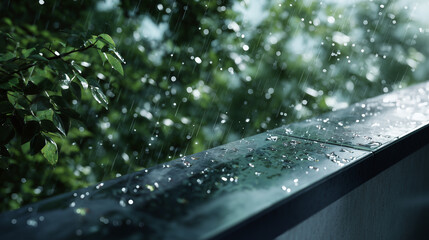 ベランダの手すりに叩きつける激しい雨粒、スコール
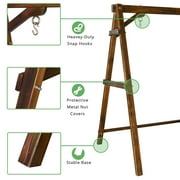 Zimtown Porch Swing Frame Swing Stand A-Frame 600lbs Wooden Carbonized 4FT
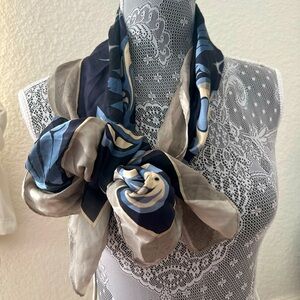 Magenta 100% Silk Abstract Print Scarf
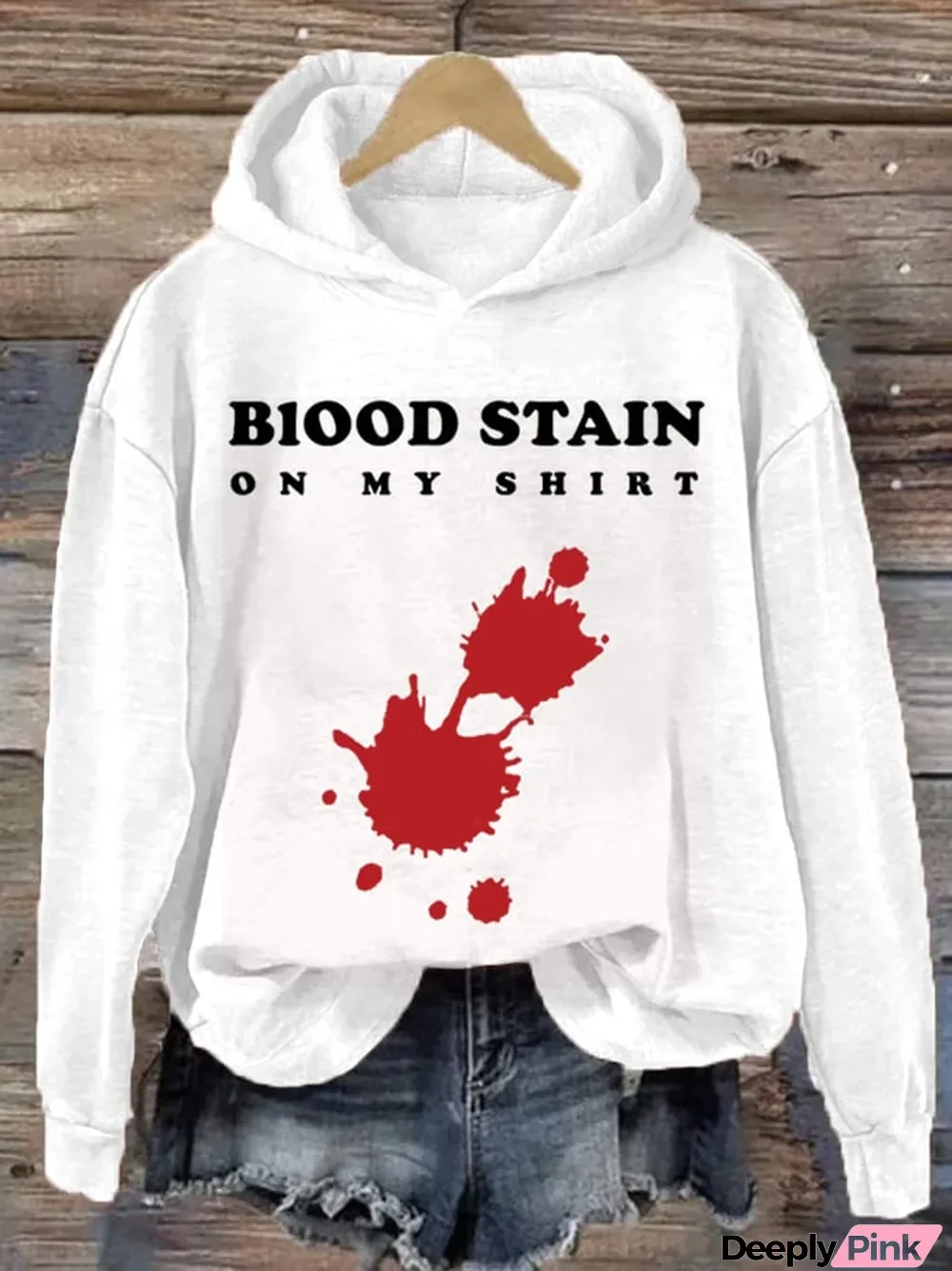 Women's Halloween Blood Stain On My Shirt Printed Hoodie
##########
▶ Exercise details
Copy the material shown above in full and exactly. Skip the pictures.

▶ Result for this exercise
 ベランダの手すりに叩きつける激しい雨粒、スコール
 Zimtown Porch Swing Frame Swing Stand A-Frame 600lbs Wooden Carbonized 4FT
 Magenta 100% Silk Abstract Print Scarf
 Women's Halloween Blood Stain On My Shirt Printed Hoodie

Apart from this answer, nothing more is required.